Finished product: slathered in butter, salt and pepper and ready to go

Today’s haul of 8 ears from Wolfe Spring Farm had a similarly undernourished look to last night’s, so we decided better to cook with them than feature them in all their glory ‘naked’ on the cob. I decided on a corn chowder and combined 2 recipes to make my own: this recipe from Mark Bittman’s Minimalist column and this¬†recipe from the Red Cat Cookbook. I like Bittman’s recipe because he makes a rustic ‘broth’ from the corn cobs and I like the Red Cat’s recipe because they add a little heat. Here’s my adaptation.

Early Corn Chowder

  • 6-8 ears corn
  • 1 tablespoon butter
  • 1 medium onion, chopped
  • 1 shallot [I used this because we have them from today’s CSA pick-up, but not necessary]
  • 4 medium new potatoes, peeled and chopped into 1/2 cubes
  • 2 dried peppers
  • Salt and freshly ground black pepper
  • 2-3 small tomatoes cored and seeds removed, optional [I used them as I had tomatoes in my pick-up, but not necessary]
  • 1 cup milk
  • handful of fresh chives, optional


1. Shuck the corn and use a paring knife to strip the kernels into a bowl. Put the cobs in a pot with 6-8 cups water; bring to a boil, cover, and simmer for 10-20 minutes.

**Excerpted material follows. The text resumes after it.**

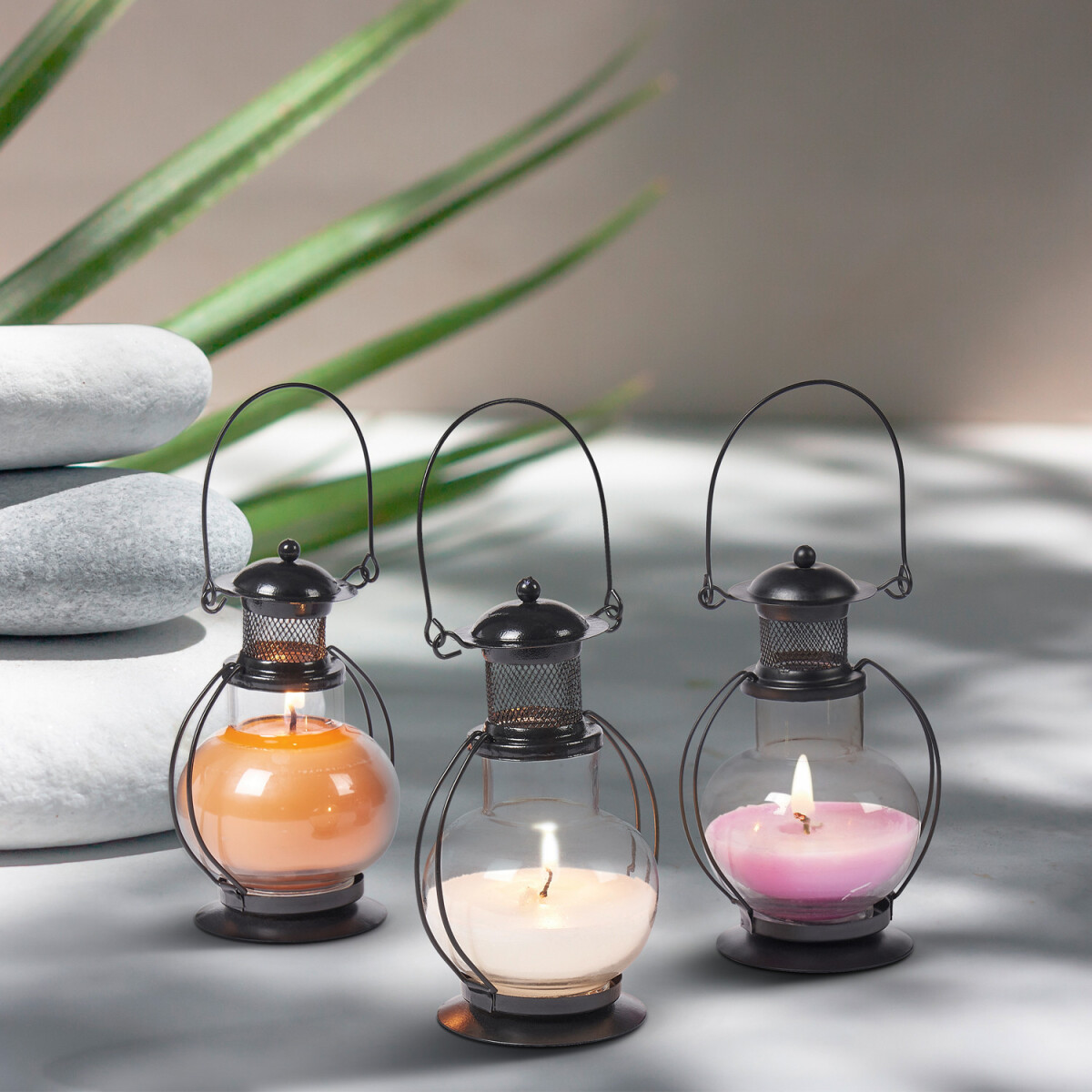 Set of 3 scented candles in mini lantern box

2. Melt the butter in a large saucepan or soup pot and turn the heat to medium-high. When the butter melts, add the onion and shallots, along with a sprinkling of salt and pepper. Cook, stirring occasionally, until the onion softens, about 5 minutes; then add the potatoes and saute another 5 minutes; add the tomatoes if you’re using them and cook, stirring, for another minute or two. Add the dried peppers, crushing them if you like more heat.

3. After the corn cobs have cooked for at least 10 minutes, strain the liquid into the onion-potato mixture. Bring to a boil, then turn the heat down so the mixture simmers. When the potatoes are tender, about 10 minutes, add the corn kernels and milk and heat through. Taste and adjust seasoning if necessary. Can be prepared in advance and served at room temperature or chilled. If you like a creamier soup, you can puree the soup partially with a stick blender, and/or use 1/2 cup of heavy cream in place of 1/2 cup of the milk. Garnish with the chives, and serve.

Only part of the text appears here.